Io, fratello Dio.
Che vile inganno questa notte che porta occhi lucidi di commiato.
Il cuore scalpita ad ogni nebulosa illusione che nell'atmosfera eterea arde e muore come una stella!
le stelle nel cielo paragonabili a lucciole nel buio tra frasche di tiepide erbe selvatiche che quasi al tatto si ingentiliscono.
Ho sul viso gocce fredde di rugiada come fossi stata tutta la notte ad attender nel bosco di udir le allodole cantare per il mio dolce sentire;
dissipare il nero triste dell'anima inquieta che lì, nascosta, attende gentil l'arrivo del giorno.
Potessero le mie guance essere di rosea matrice positivista mentre guardo andar via ciò che niente mi appartiene.
Ma per vil inganno all'occhio nudo della sera, da giovin fanciullo qual'io forse in virtù fui,
chiudo a roccia quel mio cuore arido di bene per abbandonarlo all'oscuro vigore della forza bruta di Achille!
Non v'è Ofelia a carpirmi il grembo, non v'è affanno per Desdemona ch'io non sappia;
al velar del giorno io concedo un pugnale di fiori essiccati ed il guanto torbido del boia nella mano destra del Dio padre.

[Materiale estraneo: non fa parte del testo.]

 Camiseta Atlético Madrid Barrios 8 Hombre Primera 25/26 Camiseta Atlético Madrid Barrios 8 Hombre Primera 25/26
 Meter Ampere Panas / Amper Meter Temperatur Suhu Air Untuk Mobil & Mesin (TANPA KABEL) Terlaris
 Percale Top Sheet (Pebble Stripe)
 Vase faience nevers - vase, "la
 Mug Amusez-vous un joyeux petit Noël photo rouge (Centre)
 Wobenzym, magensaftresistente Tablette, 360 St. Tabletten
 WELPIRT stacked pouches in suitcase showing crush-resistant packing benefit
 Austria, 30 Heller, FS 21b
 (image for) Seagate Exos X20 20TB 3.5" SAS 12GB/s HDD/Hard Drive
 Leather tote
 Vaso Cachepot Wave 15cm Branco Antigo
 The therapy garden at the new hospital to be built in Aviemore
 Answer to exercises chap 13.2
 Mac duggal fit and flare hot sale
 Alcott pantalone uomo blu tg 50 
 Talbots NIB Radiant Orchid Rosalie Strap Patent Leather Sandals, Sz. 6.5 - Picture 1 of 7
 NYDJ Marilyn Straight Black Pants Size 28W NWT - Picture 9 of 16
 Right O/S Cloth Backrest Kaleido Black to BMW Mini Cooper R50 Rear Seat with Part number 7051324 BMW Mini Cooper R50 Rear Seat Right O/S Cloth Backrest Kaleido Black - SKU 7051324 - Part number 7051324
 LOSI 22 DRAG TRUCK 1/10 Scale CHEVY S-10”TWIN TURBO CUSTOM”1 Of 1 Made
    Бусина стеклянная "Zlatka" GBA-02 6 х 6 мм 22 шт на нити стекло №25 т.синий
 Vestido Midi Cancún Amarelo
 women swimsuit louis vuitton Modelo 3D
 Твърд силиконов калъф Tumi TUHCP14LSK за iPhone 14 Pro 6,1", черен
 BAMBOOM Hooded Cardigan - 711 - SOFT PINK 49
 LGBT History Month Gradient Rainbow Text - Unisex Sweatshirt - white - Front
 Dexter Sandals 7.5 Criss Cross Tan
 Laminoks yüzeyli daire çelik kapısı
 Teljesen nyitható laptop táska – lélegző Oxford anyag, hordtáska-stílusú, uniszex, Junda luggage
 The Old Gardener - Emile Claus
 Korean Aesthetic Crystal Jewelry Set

Io sono Dio, come lo sono gl'altri uomini in egual modo;
Dio, dunque, toglie e concede come gl'uomini donano ed estirpano il bene ed il male.
E se Dio fra tanti vestiti avesse per caso la tunica dell'amore in qualche angolo risposto,
allora io, da fratello di Dio, lo estirperei nel fuoco crudele in virtù della vita.
Amare è un peccato troppo grande per chi non sa comprenderlo o temerlo o gestirlo; il vento invoca tempesta e l'uomo pietà.